More extensive parenchymal impairment, probably representing more alveolar and interstitial pulmonary injury, has been associated with severe disease [15, 17, 30]. In our study, the extension of lung involvement was based on a visual analysis, and, despite not being a quantitative method, we found an almost perfect agreement between readers (κ = 0.88). More extensive disease correlated with the need of hospitalization and ICU admission; involvement of less than 25% of lung parenchyma was significantly more frequent in discharged patients, and parenchymal involvement greater than 50% correlated with ICU admission. Among other analyzed CT findings, interlobular septal thickening, which may occur due to interstitial pulmonary edema or interstitial injury, was observed in 39.3% of the cases. As previously reported [18], interlobular septal thickening is associated with more severe disease and, in our study, it occurred more frequently in ICU admitted patients and also correlated with longer stay in the ICU.
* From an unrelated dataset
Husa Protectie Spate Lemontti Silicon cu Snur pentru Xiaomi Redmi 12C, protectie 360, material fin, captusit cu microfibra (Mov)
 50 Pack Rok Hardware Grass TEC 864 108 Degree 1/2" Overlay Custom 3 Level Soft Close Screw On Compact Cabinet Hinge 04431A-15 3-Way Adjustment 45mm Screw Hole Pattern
The same CT features (interlobular septal thickening and more extensive lung involvement) also correlated with lower SpO2 and elevated CRP, probably due to the same reasons. Diffuse distribution (rather than focal or multifocal), consolidation, and pleural effusion were associated with more severe disease in previous reports [15, 17, 31]. In our study, these findings correlated with clinical and laboratorial features of severe disease but did not correlate with patients’ outcome. Despite being considered an uncommon finding in COVID-19, pleural effusion occurred between none and more than 20% of the cases in previous studies [15, 17, 31, 32]. In our study, mild pleural effusion was seen in 8.2% of the cases. Although not clearly understood, pleural effusion could be related not only to the virulence of the disease but also to comorbidities, such as heart or renal failure, malignancies, and pregnancy [33].

Study limitations

This is a single-center study, with limited sample size. Our sample included only symptomatic patients who underwent the emergency department, and, despite the low sensitivity of RT-PCR, patients with negative test were excluded from the study, even those cases with highly suspicious CT findings.
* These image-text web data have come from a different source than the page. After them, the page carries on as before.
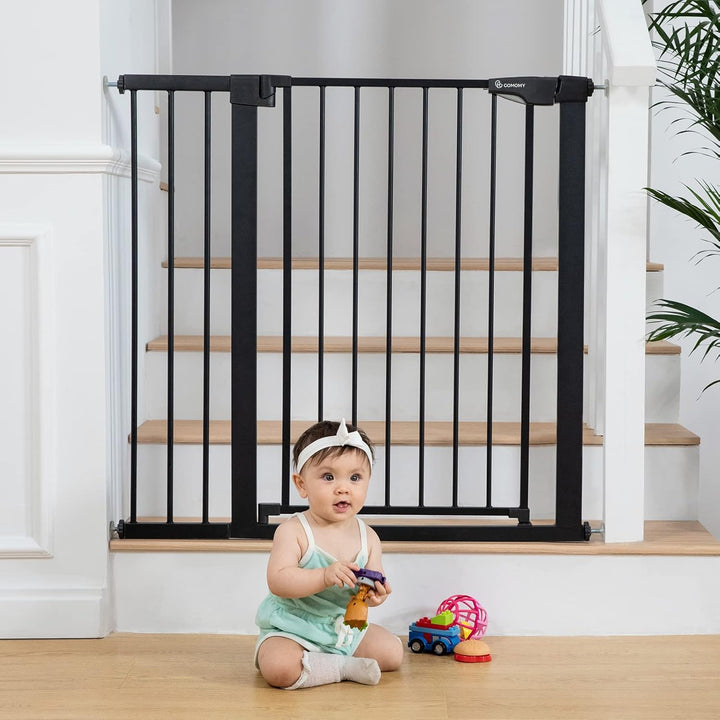 36" Extra Tall Baby Gate for Stairs and Doorways - Fits 29.5" to 48.8" Wide Openings, Auto Close Extra Wide Dog Gate for House, Pressure Mounted Easy Walk through Pet with Door, Black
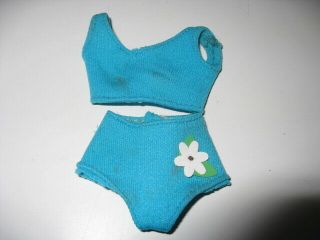 Vintage Standard Barbie Htf Turquoise Swimsuit W/attached Flower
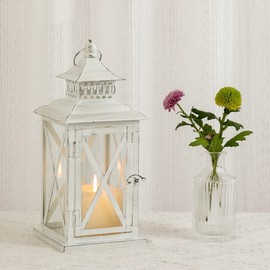 DECORKEY Lantern Decorative Indoor & Outdoor, Large Square Hanging Spring Home Decor, Vintage Metal Decorative Candle Lanterns for Outdoor Patio Wedding Party White with Black Brush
Clinical data and laboratorial tests depended on the physician on duty’s decision in this retrospective study. Several other laboratorial tests associated with severe illness could have been analyzed and correlated with CT findings if available. Also, comorbidities were not included in our analysis, and co-infections could not be completely excluded.
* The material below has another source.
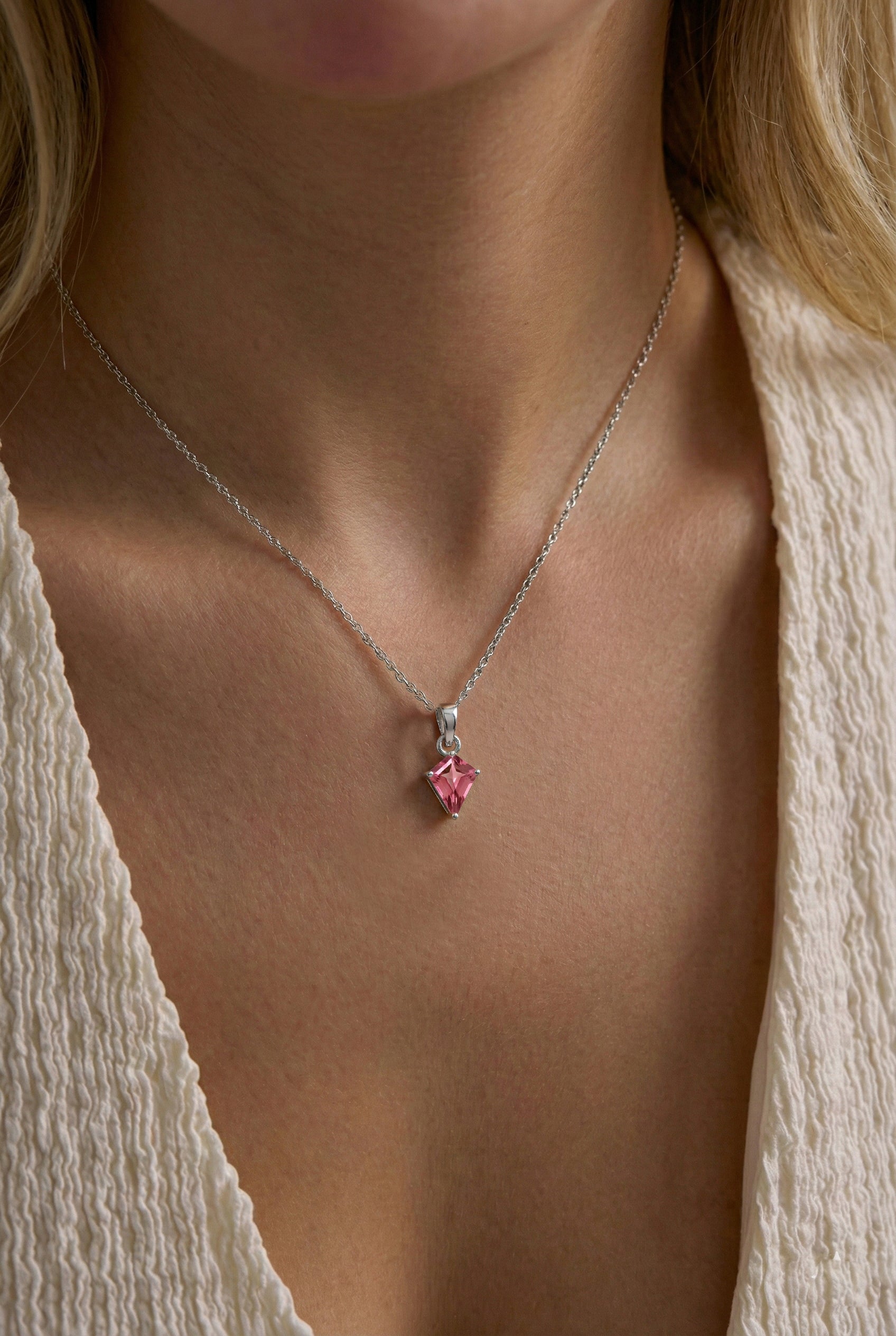 Pink Tourmaline Kite Solitaire Pendant Necklace in 925 Sterling Silver 1.4ct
CT scans were performed in different times after the onset of symptoms. Early-performed CTs frequently show only few changes, which do not necessarily mean a benign prognosis. A study with patients within the same phase of the disease could be more accurate in the recognition of potentially severe cases. Moreover, none of the patients of our study died; a larger cohort of patients might enable a study correlating imaging findings with mortality.

Conclusion

Extension of lung disease estimated by visual analysis of CT showed correlation with patients’ outcome and also with clinical and laboratorial signs related to severe COVID-19 disease. Interlobular septal thickening was a CT feature more frequently seen on ICU-admitted patients than in ward patients and also correlated with longer hospitalization time on ICU. Diffuse distribution, interlobular septal thickening, consolidation, and pleural effusion correlated with clinical and laboratorial features associated with severe illness.